◆ Assignment
Copy out the full set of records. Keep every word the same.

----------

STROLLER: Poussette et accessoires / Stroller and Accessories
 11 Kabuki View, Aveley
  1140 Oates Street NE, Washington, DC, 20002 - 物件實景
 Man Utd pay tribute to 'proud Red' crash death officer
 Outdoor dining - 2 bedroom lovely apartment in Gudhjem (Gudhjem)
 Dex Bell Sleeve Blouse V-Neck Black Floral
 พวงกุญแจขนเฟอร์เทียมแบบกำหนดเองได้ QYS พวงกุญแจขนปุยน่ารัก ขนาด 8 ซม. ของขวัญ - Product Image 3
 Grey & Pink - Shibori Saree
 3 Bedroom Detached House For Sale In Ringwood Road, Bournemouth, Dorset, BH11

----------

◆ Response
STROLLER: Poussette et accessoires / Stroller and Accessories
 11 Kabuki View, Aveley
  1140 Oates Street NE, Washington, DC, 20002 - 物件實景
 Man Utd pay tribute to 'proud Red' crash death officer
 Outdoor dining - 2 bedroom lovely apartment in Gudhjem (Gudhjem)
 Dex Bell Sleeve Blouse V-Neck Black Floral
 พวงกุญแจขนเฟอร์เทียมแบบกำหนดเองได้ QYS พวงกุญแจขนปุยน่ารัก ขนาด 8 ซม. ของขวัญ - Product Image 3
 Grey & Pink - Shibori Saree
 3 Bedroom Detached House For Sale In Ringwood Road, Bournemouth, Dorset, BH11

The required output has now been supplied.